- WORK INSTRUCTIONS -
Reproduce the data below in full and to the letter, images excepted.

- GIVEN INFORMATION -
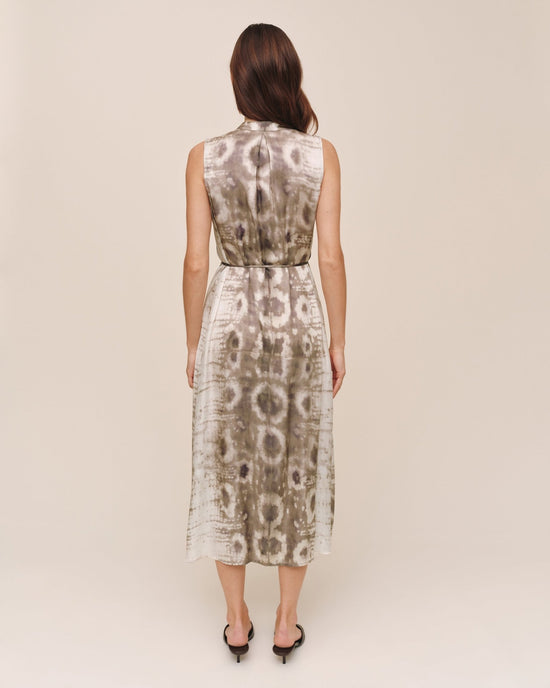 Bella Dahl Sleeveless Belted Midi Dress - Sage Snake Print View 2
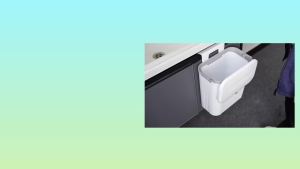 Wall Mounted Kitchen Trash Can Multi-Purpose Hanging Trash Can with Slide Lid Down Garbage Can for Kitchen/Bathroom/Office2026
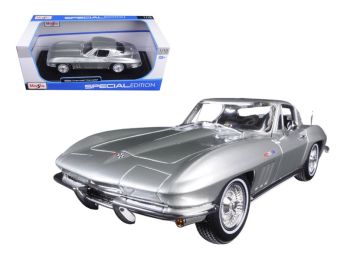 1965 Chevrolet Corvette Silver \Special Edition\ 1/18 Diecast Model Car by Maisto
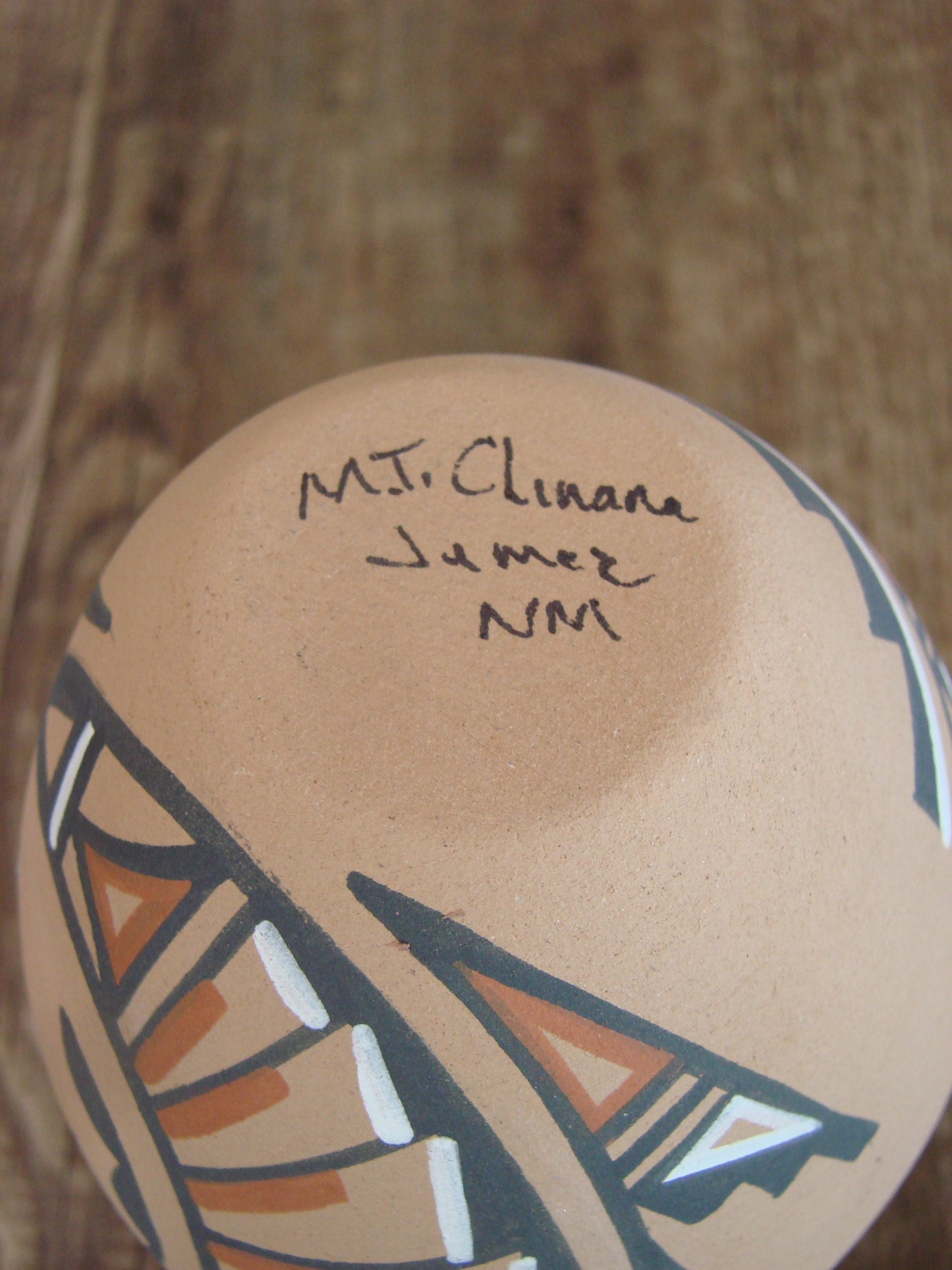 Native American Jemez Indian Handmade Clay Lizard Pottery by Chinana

- WRITTEN SOLUTION -
 Bella Dahl Sleeveless Belted Midi Dress - Sage Snake Print View 2
 Wall Mounted Kitchen Trash Can Multi-Purpose Hanging Trash Can with Slide Lid Down Garbage Can for Kitchen/Bathroom/Office2026
 1965 Chevrolet Corvette Silver \Special Edition\ 1/18 Diecast Model Car by Maisto
 Native American Jemez Indian Handmade Clay Lizard Pottery by Chinana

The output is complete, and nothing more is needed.